» **What is expected**: Would you print the lines below exactly, beginning at the line that has "PURE ESSENCE LABS" and stopping after the line that has "multipower-whey-protein-shake-icindekiler"? Only those lines, and no pictures.

» **Dataset records**:
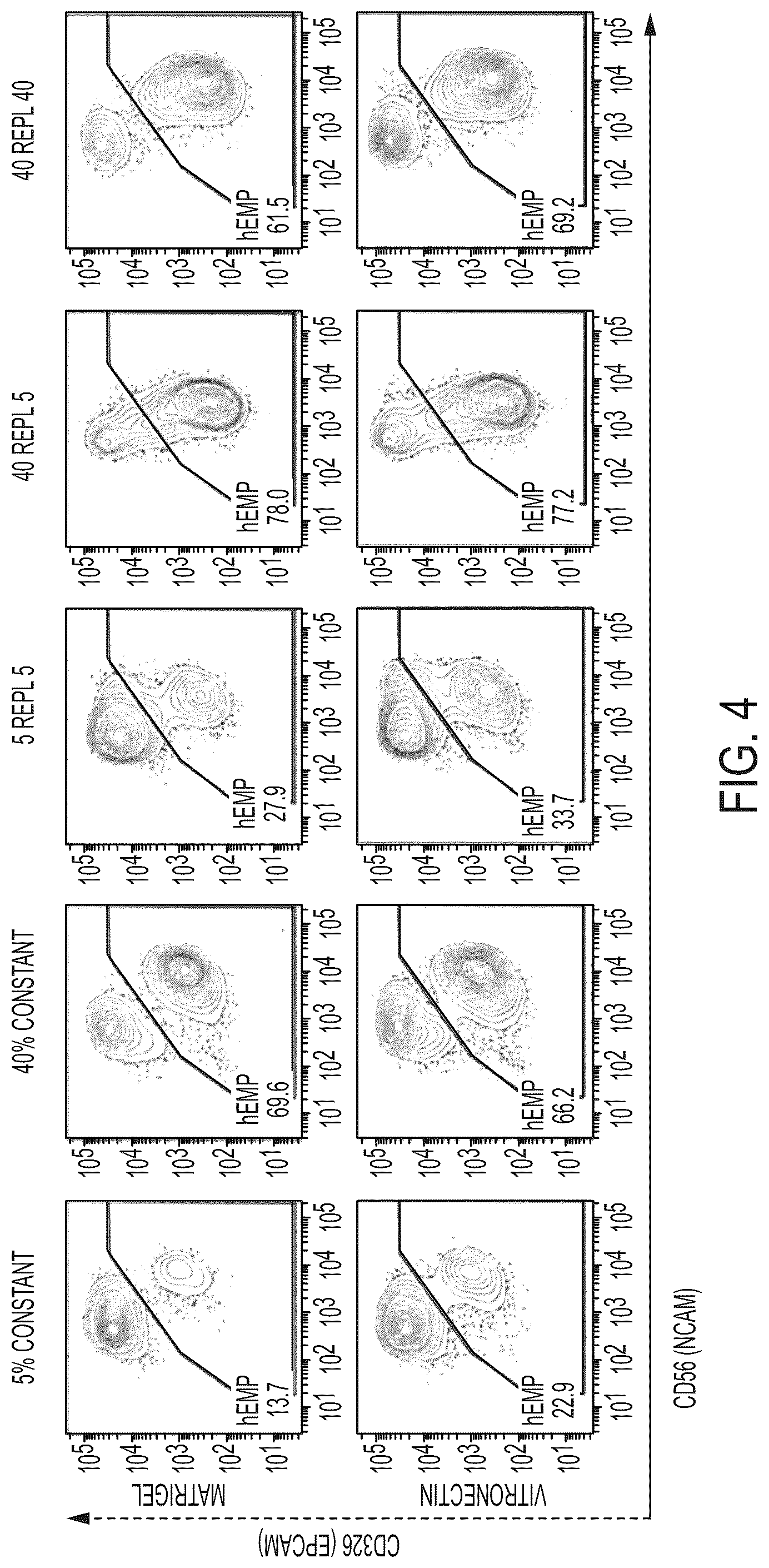 Patent US12097218 Figure 4 – Methods of making and using embryonic mesenchymal progenitor cells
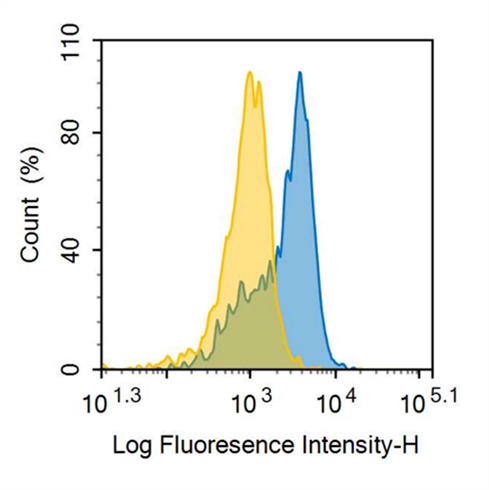 APC-Linked Anti-Tumor Necrosis Factor Receptor Superfamily, Member 7 (TNFRSF7) Polyclonal Antibody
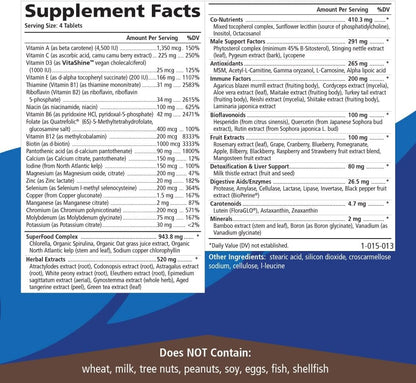 PURE ESSENCE LABS Longevity Multivitamin for Men Over 40 – Super Energetic with Superfoods, Minerals, Enzymes, Vitamin D3, B12, Biotin – 120 Tablets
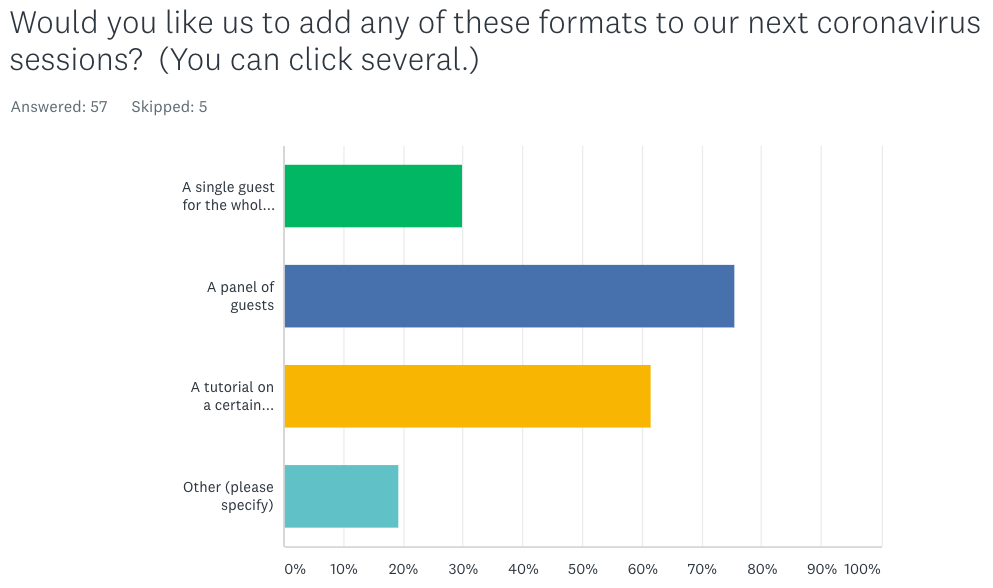 Forum coronavirus poll_format
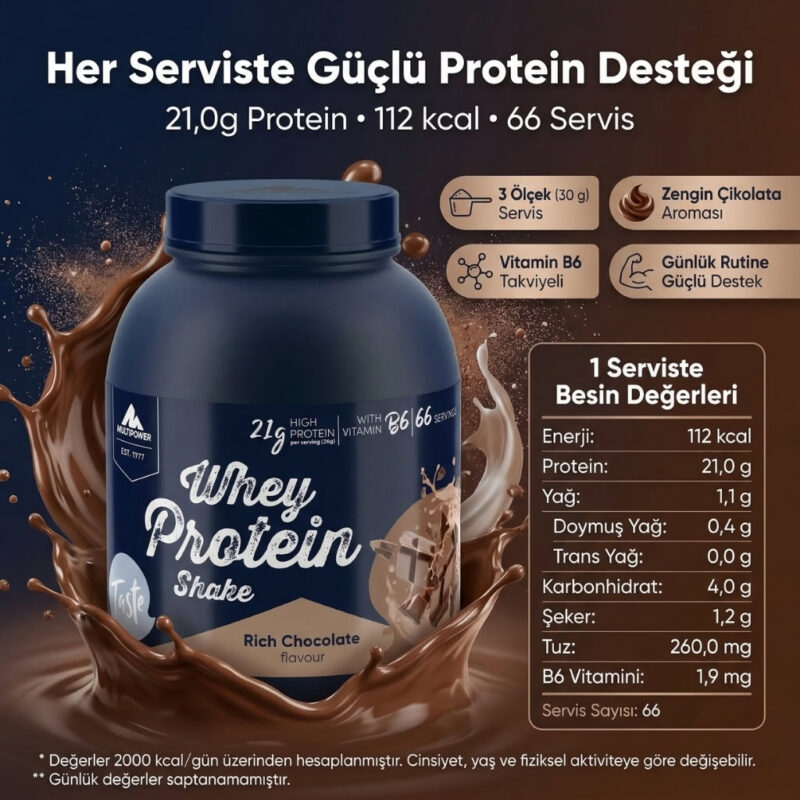 multipower-whey-protein-shake-icindekiler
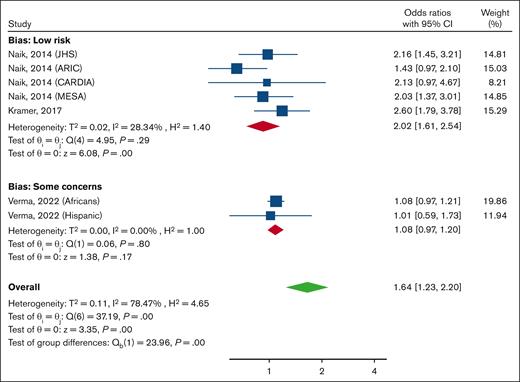 Forest plot showing pooled ORs and 95% CIs for proteinuria for the comparison of participants with SCT and those without, subgrouped by risk of bias. A random-effects model was used. ARIC, Atherosclerosis Risk in Communities Study; CARDIA, Coronary Artery Risk Development in Young Adults; JHS, Jackson Heart Study; MESA, Multi-Ethnic Study of Atherosclerosis; WHI, Women’s Health Initiative.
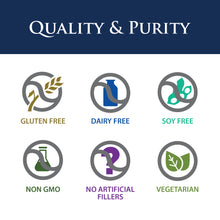 Load image into Gallery viewer, Enzyme Defense Pro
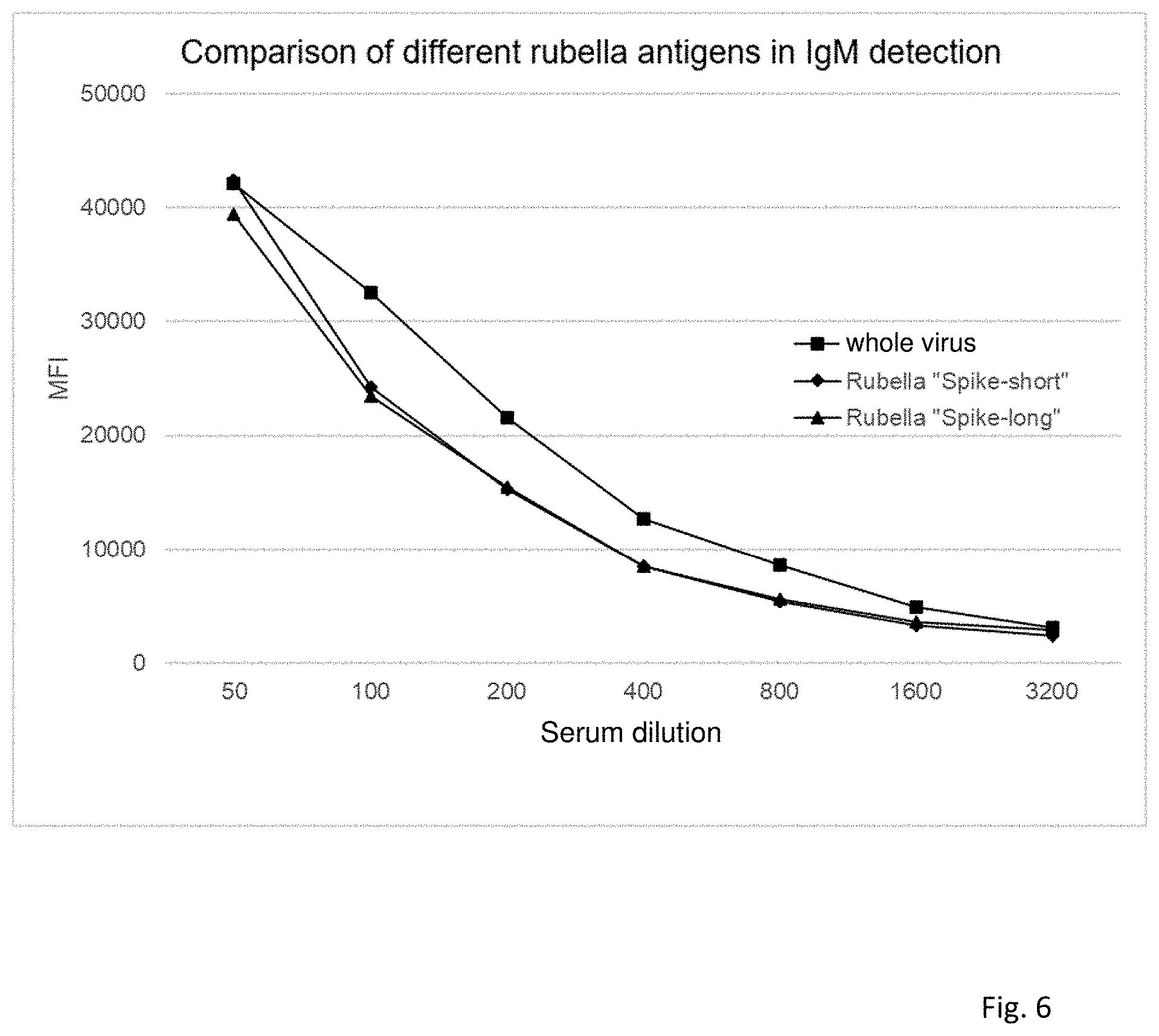 Patent US11780884 Figure 7 – Rubella virus spike construct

» **Response**:
 PURE ESSENCE LABS Longevity Multivitamin for Men Over 40 – Super Energetic with Superfoods, Minerals, Enzymes, Vitamin D3, B12, Biotin – 120 Tablets
 Forum coronavirus poll_format
 multipower-whey-protein-shake-icindekiler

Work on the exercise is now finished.